Friday, February 20, 2015


-Schism Costs DSC 1 in 3 Members-
-Nearly 10,000 Communicants Abandon Bishop Lawrence-

(Last updated Feb. 22, 6:00 p.m.)
In a few weeks, the Lawrence diocese (DSC) (at present, legally The Protestant Episcopal Church in the Diocese of South Carolina, The Episcopal Diocese of South Carolina, and The Diocese of South Carolina) will hold its annual diocesan convention. It will be the third since the schism of 2012, the 224th if one insists on counting the pre-schism diocese. As everyone is painfully aware, in 2012 the old diocese split into two hostile camps now pitted as enemies in court. The larger part broke away from the Episcopal Church and followed Mark Lawrence, the previous Episcopal bishop (Jan. 26, 2008-December 5, 2012), as their bishop. DSC has prevailed, at least momentarily, in local court for the legal rights to the diocesan names, insignia, and assets. The smaller part remained with the Episcopal Church (TEC) as The Episcopal Church in South Carolina (ECSC). It is appropriate to ask at this point how the independent diocese is doing. How well has it fared in the two years and four months since the schism? How is it doing now?

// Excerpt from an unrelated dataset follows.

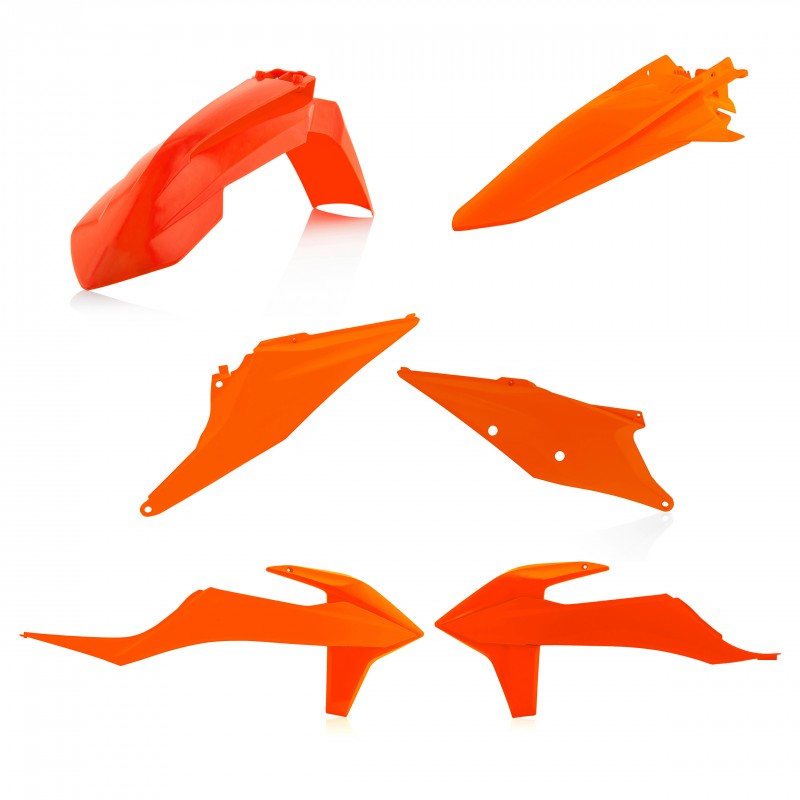 KIT DE PLÁSTICO ACERBIS KTM EXC 125 2020-2023, EXC 200 2020-2023, NARANJA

Answering these questions is not easy. However, by digging and sifting through pages of data and statistical charts we can assemble a sort of jigsaw puzzle to give us a reasonably good composite picture. The journals of the annual conventions of the diocese are available online, at least for certain years. Each journal includes a good deal of data, particularly on the diocesan budget (income and expenditures) and parish and mission statistics. Three journals are most useful here. The 2008 journal gives the data from the year 2007, the last full year before Mark Lawrence's tenure. It is available at . The parochial statistics for 2007 are on pages 148-149. By studying these figures we can get a good view of the status of the diocese just before Lawrence arrived. Next, the journal of the 2013 convention provides data on the year 2011 (year 2012 was skipped) on pages 128-129: . These figures will show the state of the diocese in the last full year before the schism (occurred Oct. 2012). The third journal of use if that of the 2014 convention; see pages 128-129: . It gives the data for the year 2013, the first full year after the schism. By looking at these three we can see the status and trends of the diocese before Lawrence arrived, after four years under Lawrence, and the year after the schism.

The diocesan budget is in decline. From 2012's $2,273,000 it fell 8% in 2013, and another 2 % in 2014 to $2,059,285. While it is clear the diocese is on a budgetary downslope, one must look at the statistical tables of the local churches to see the real picture of the financial conditions in the diocese.

Plate and Pledge Contributions 2007-2013

Here too, decline is the clear picture. In the statistical charts, the column marked "Plate and Pledge" shows how much money people are contributing to their local churches. In 2007, they gave $30,991,880. In 2013, church people in DSC gave $23,411,932, a striking drop of 24% between 2007 and 2013. One must consider, though, two major departures from DSC in this time, St. Andrew's of Mt. Pleasant ($2,955,535), and the churches that remained with TEC ($4,861,928 in 2011). If one removes St. Andrew's and the TEC churches, DSC's plate and pledge money increased slightly, but still fell 2% if one accounts for the U.S. inflation rate. Overall the money collected in the DSC parishes and missions from 2007 to 2013 fell 12% as adjusted to the U.S. annual inflation rate.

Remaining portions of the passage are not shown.